AS college enrollment grows, a rising share of English courses at US colleges are being taught by full-time, non-tenure-track lecturers who generally lack doctorates, according to a report released by the Modern Language Association (MLA) and its Association of Departments of English, The Chronicle of Higher Education has reported.
The report, “Education in the Balance: A Report on the Academic Workforce in English,” is based mainly on US Department of Education data, a 1999 staffing survey by the MLA, and the data collected from 135 colleges’ English departments. It found that the share of faculty members who are full time and non-tenure-track rose from 12.9 percent in 1999 to 16.8 percent in 2007. Such faculty members, most of whom are hired on multi-year contracts, “have become an increasingly crucial component of English department staffing.”
While over 90 percent of tenured and tenure-track faculty members teaching English in four-year institutions hold a doctorate, only 25 percent of non-tenure-track faculty members do.
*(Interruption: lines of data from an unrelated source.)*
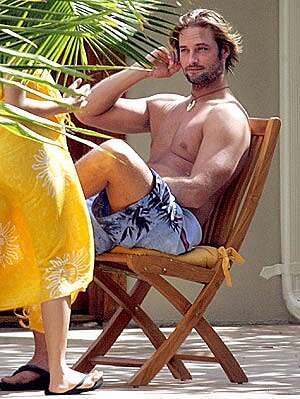 Josh Holloway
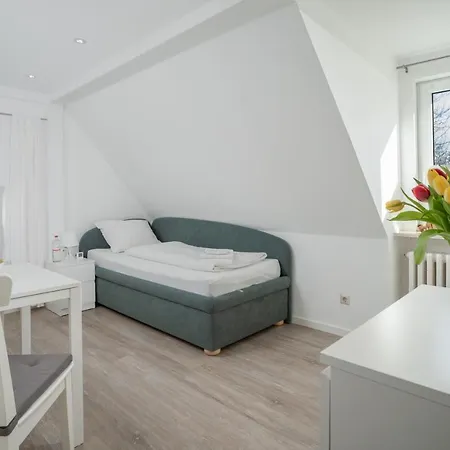 Deichhus Nordseeliebe Direkt Am Deich - Nordsee - - Am Vogelreservat * Dagebüll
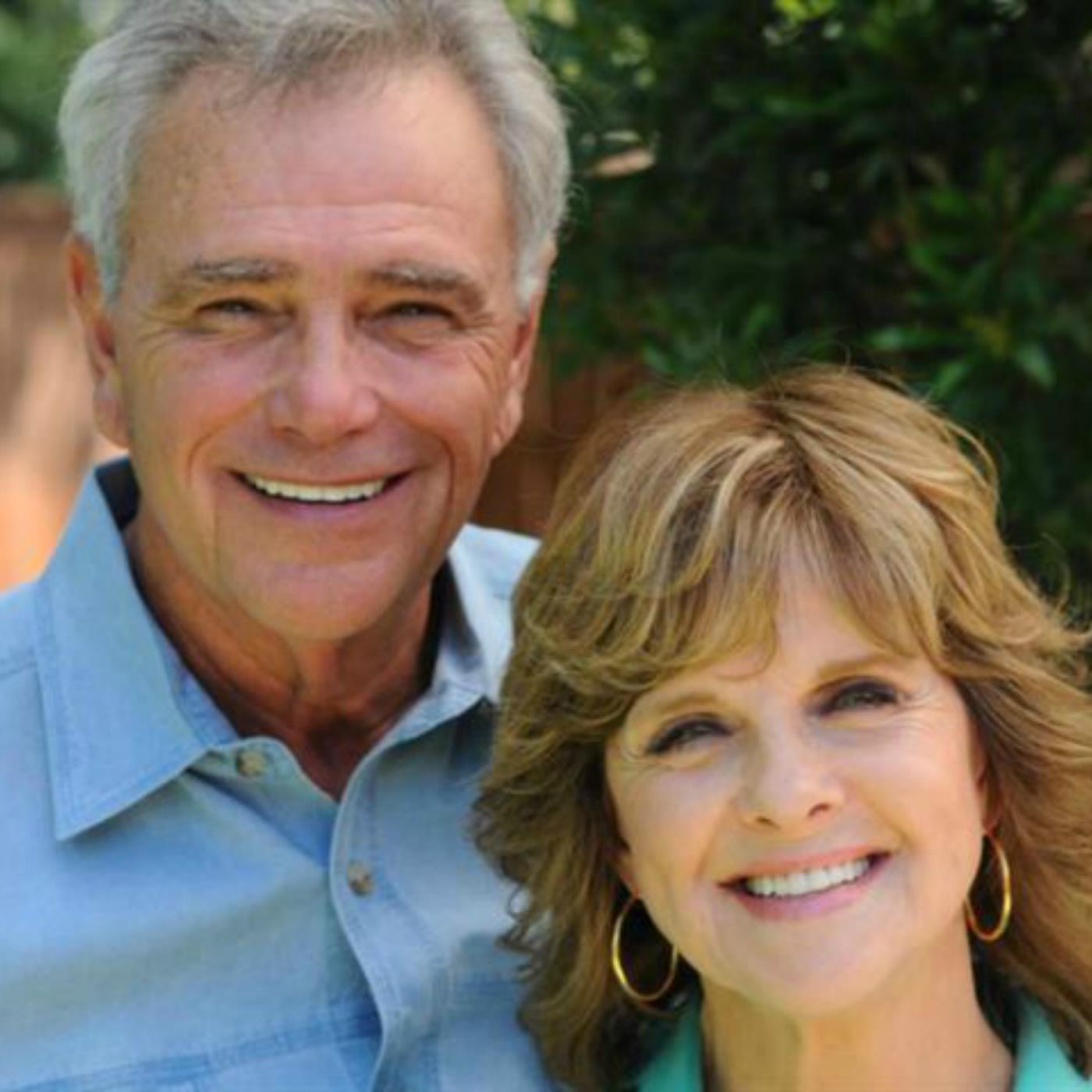 LIFE Today on Oneplace.com: James and Betty Robison: Fatherless Nation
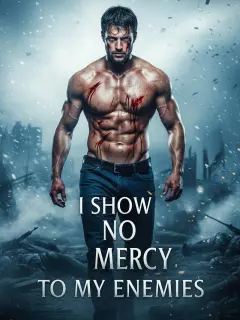 I Show No Mercy To My Enemies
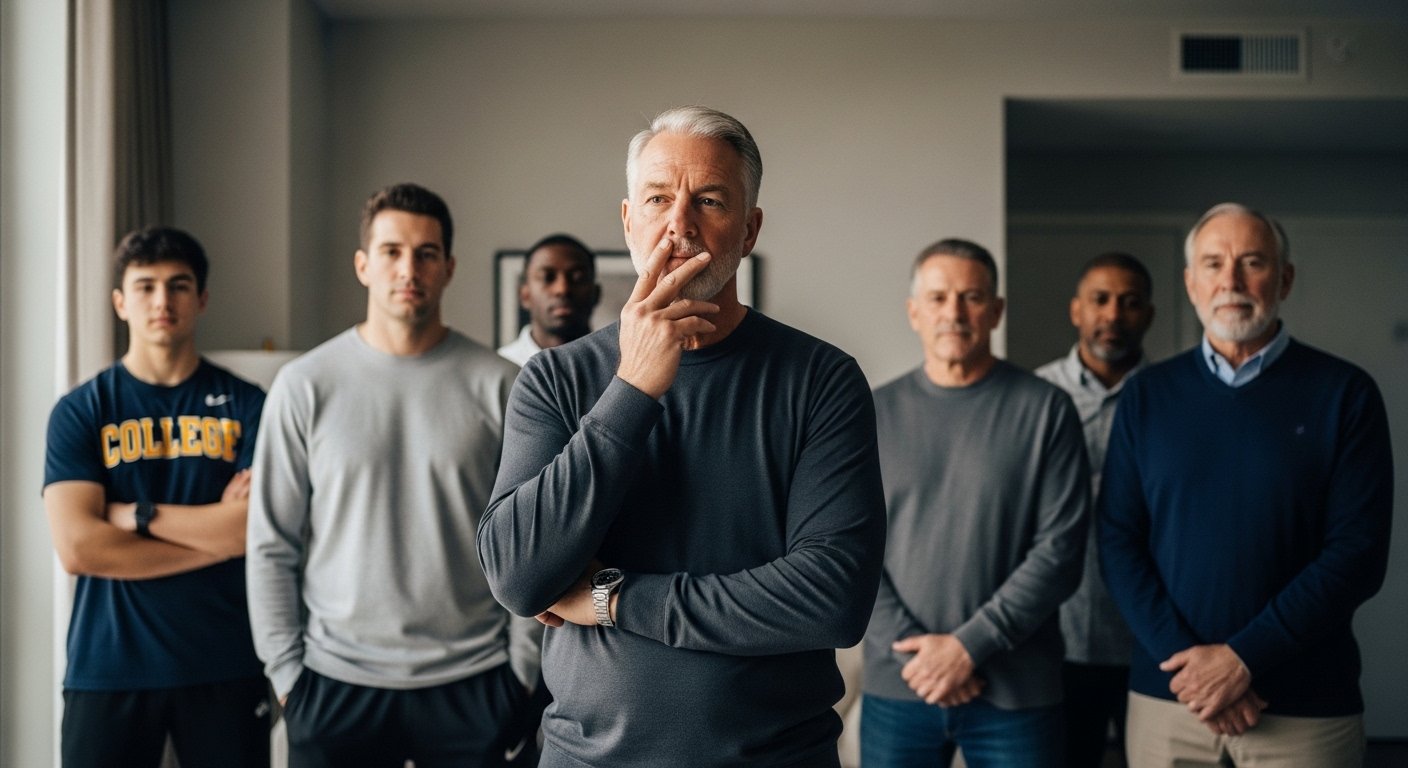What men across the US get wrong about skincare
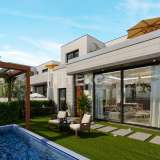  Detached Villas with Private Pool in Pilar de la Horadada Alicante 8136678 thumb5
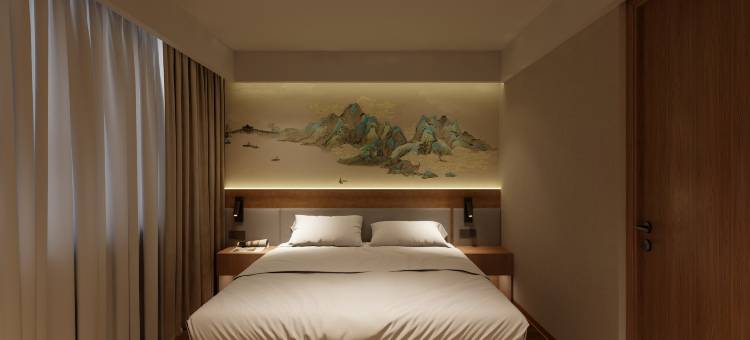 景逸客栈(大同古城华严寺店)图片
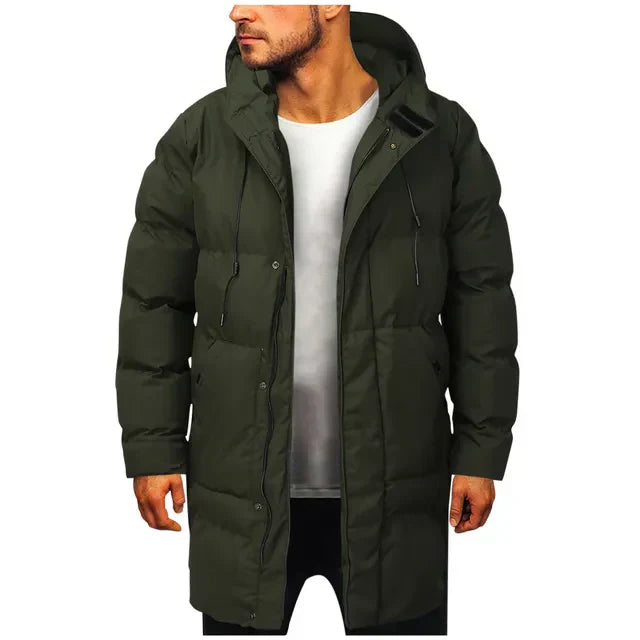 Dario – Parka Winter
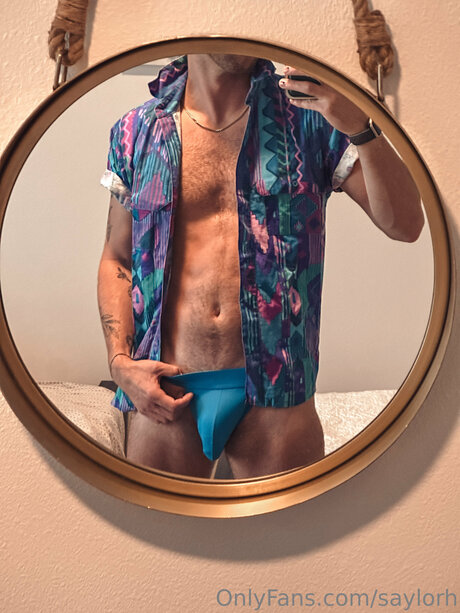 Saylorh top nacktheit galerien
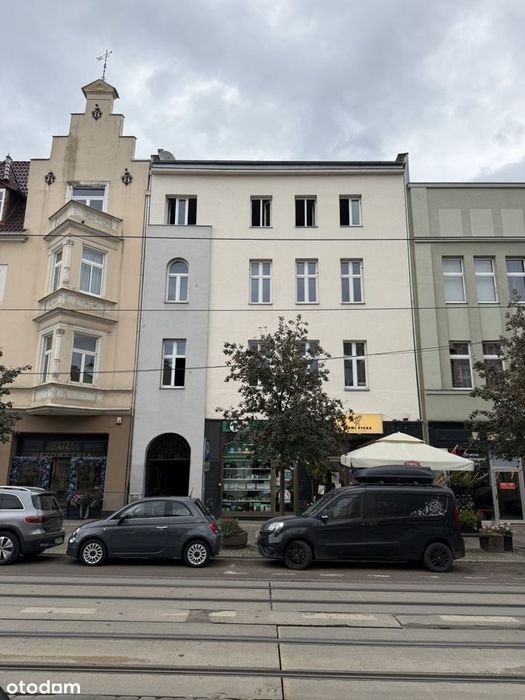 Mieszkanie centrum, bez prowizji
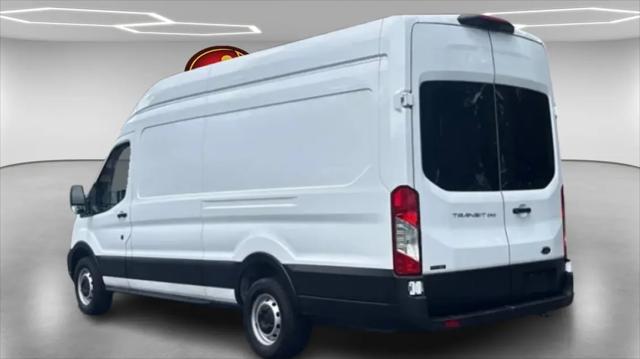 2023 Ford Transit Cargo Van T-250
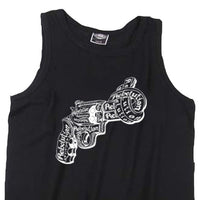 Protest Gun Tank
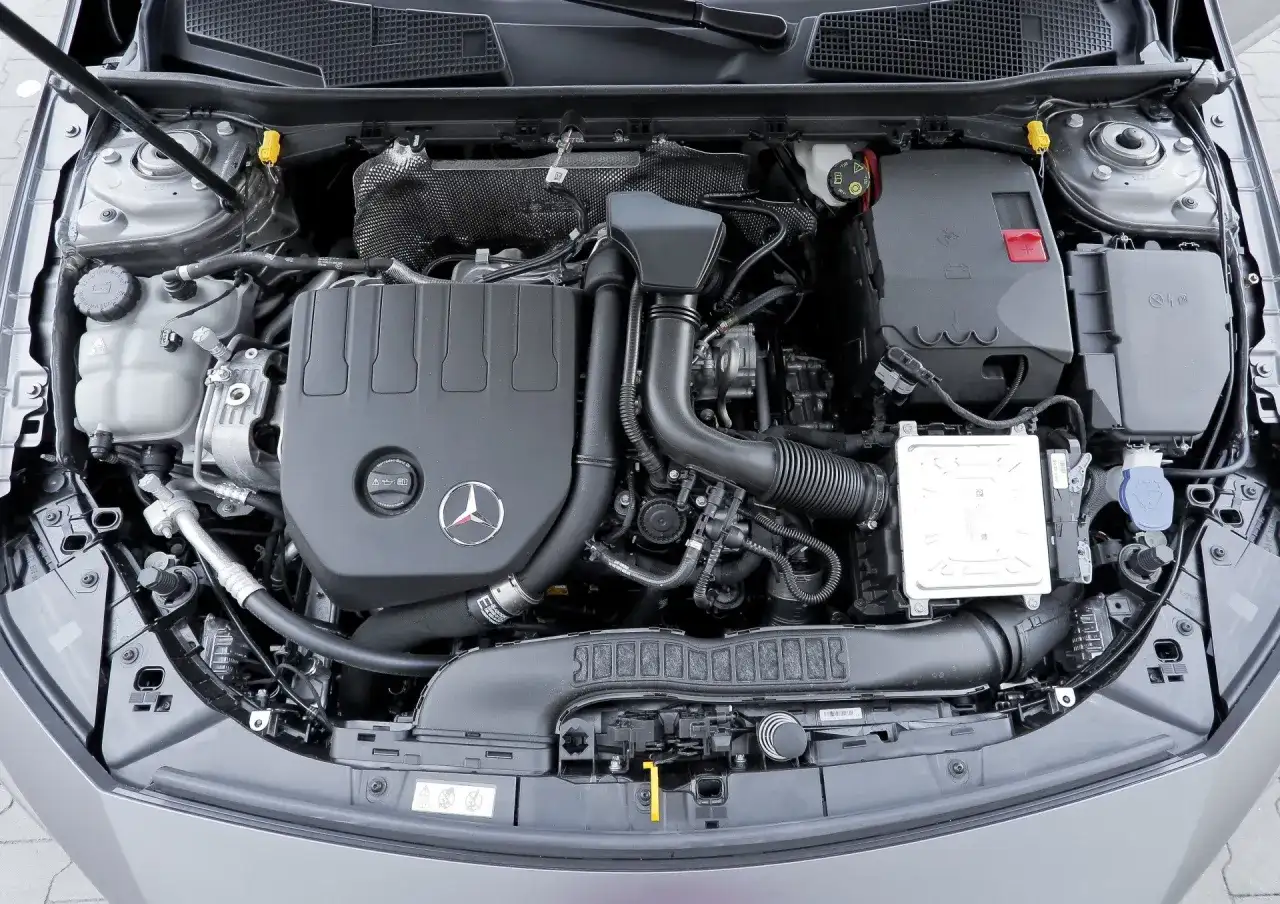 Trwałość silników 1.3 tce: co warto wiedzieć o ich wytrzymałości?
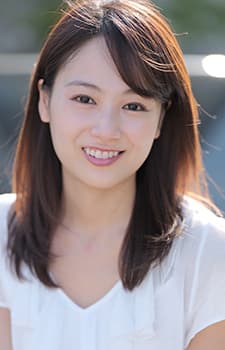 Takeuchi, Kanako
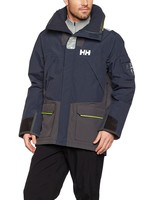 Helly Hansen Men's Skagen 2 Jacket - 597 Navy, Small Helly Hansen Men's Skagen 2 Jacket - 597 Navy, Small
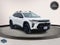 2025 Chevrolet TRAX FWD 4dr ACTIV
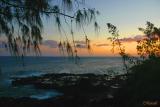 Sunset -at- Spouting Horn -04-08-06
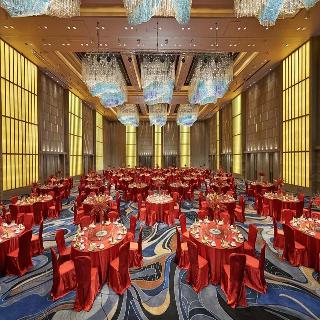 Fotos del hotel - Hilton Shenzhen Futian
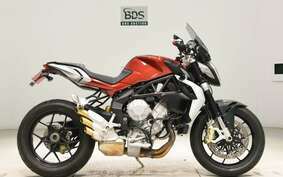 MV AGUSTA BRUTALE 800 2013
This educational gap could be troubling, the report says, because although most non-tenure-track faculty members are assigned to lower-division courses, they also teach a significant share of the upper-division courses offered to undergraduates.
Rosemary G. Feal, the executive director of the MLA, said the impetus for the report was a sense that English departments were no longer in balance. “We think what is unique about American higher education is being compromised,” said Feal. Students may have fewer chances to be mentored or get to know faculty members who can write references for graduate and professional schools. Fewer faculty members may be available to guide undergraduate research.
The report recommends increasing the portion of tenured and tenure-track faculty members so that they teach at least 45 percent of undergraduate course sections in doctorate-granting institutions, 55 percent in master’s institutions and 70 percent in baccalaureate schools.